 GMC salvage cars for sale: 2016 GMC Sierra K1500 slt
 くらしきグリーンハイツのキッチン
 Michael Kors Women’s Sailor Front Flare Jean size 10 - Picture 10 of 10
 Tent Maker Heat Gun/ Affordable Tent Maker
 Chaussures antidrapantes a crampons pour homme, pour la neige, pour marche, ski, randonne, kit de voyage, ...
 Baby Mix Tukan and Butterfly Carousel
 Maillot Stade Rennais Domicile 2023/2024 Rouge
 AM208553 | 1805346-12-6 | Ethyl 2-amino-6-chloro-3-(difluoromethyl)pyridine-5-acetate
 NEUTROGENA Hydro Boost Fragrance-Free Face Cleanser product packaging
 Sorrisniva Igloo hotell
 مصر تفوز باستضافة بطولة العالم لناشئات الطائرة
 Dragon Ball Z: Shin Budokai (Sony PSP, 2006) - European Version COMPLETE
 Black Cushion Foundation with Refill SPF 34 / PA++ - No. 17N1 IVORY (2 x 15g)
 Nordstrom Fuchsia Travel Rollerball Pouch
__________
● PROBLEM REQUIREMENTS: Write the data above out again in full, exactly.

● ANSWER FOR THIS EXERCISE:
 GMC salvage cars for sale: 2016 GMC Sierra K1500 slt
 くらしきグリーンハイツのキッチン
 Michael Kors Women’s Sailor Front Flare Jean size 10 - Picture 10 of 10
 Tent Maker Heat Gun/ Affordable Tent Maker
 Chaussures antidrapantes a crampons pour homme, pour la neige, pour marche, ski, randonne, kit de voyage, ...
 Baby Mix Tukan and Butterfly Carousel
 Maillot Stade Rennais Domicile 2023/2024 Rouge
 AM208553 | 1805346-12-6 | Ethyl 2-amino-6-chloro-3-(difluoromethyl)pyridine-5-acetate
 NEUTROGENA Hydro Boost Fragrance-Free Face Cleanser product packaging
 Sorrisniva Igloo hotell
 مصر تفوز باستضافة بطولة العالم لناشئات الطائرة
 Dragon Ball Z: Shin Budokai (Sony PSP, 2006) - European Version COMPLETE
 Black Cushion Foundation with Refill SPF 34 / PA++ - No. 17N1 IVORY (2 x 15g)
 Nordstrom Fuchsia Travel Rollerball Pouch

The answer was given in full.